El efecto Trump. La situación ha variado sustancialmente con la llegada de su sucesor, y no solo por el hecho de que Donald Trump insiste una y otra vez en que hay que readmitir a Rusia en el G7 (G8). La principal diferencia estriba en que, con el magnate en la Casa Blanca, EEUU se ha convertido en paladín del proteccionismo y no duda en utilizar la amenaza de guerras comerciales no solo contra sus rivales sino contra sus históricos aliados. Ello ha llevado a que la China del PCCh y de Xi Jinping se reivindique como la defensora del libre comercio y de la globalización. El mundo al revés.
Pero que nadie se llame a engaño. Los EEUU de Trump siguen defendiendo los mismos intereses, pero han decidido hacerlo sin las escenificaciones de consensos y sin las «cesiones» que todo imperio se ve obligado a dar a sus potencias subalternas en aras a mantener su status quo de superioridad. Así, Trump no duda en poner en cuestión este tipo de foros, como el año pasado, cuando se negó a rubricar el comunicado final de la cumbre del G7 en Quebec por sus desavenencias en torno a los aranceles. El showman devenido político dejó plantados a los otros seis jefes de Estado y de Gobierno y partió apresuradamente un día antes de la clausura de la cumbre hacia Singapur, para preparar su encuentro con el líder norcoreano, Kim Jong Un. Semejante muestra de desprecio no es, sin embargo, sino una escenificación con la que Trump busca atizar el apoyo de la franja amplia de sus votantes que culpa al resto del mundo del lento pero inexorable declive de EEUU como única gran potencia mundial.

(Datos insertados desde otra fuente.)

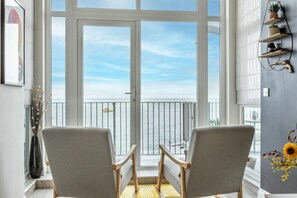 Interior - 2 Bed in Ilfracombe (oc-d9720) (Ilfracombe)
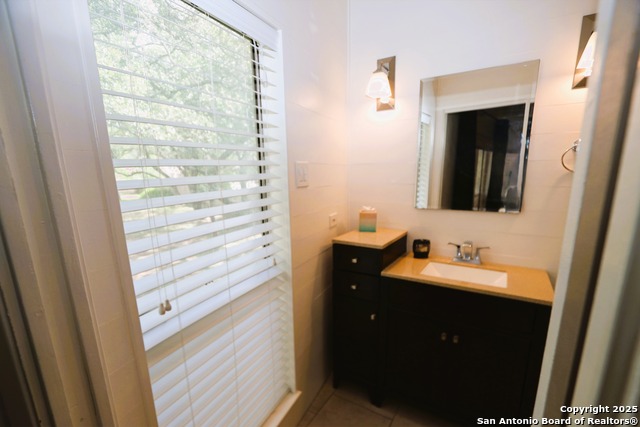 Image 17 of 28 For 8642 Fredericksburg  402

Y todo apunta a que Trump la montará de nuevo en la cumbre de Biarritz. Pero que, al fin y al cabo, no será más que un teatro sobre otro teatro, el de las grandes potencias que llevan decenios jugando a arreglar los problemas del mundo. Una obra en dos actos que podría, por momentos, resultar hasta cómica si muchos de esos problemas no fueran dramáticos. Y que, al final, resulta simplemente obscena.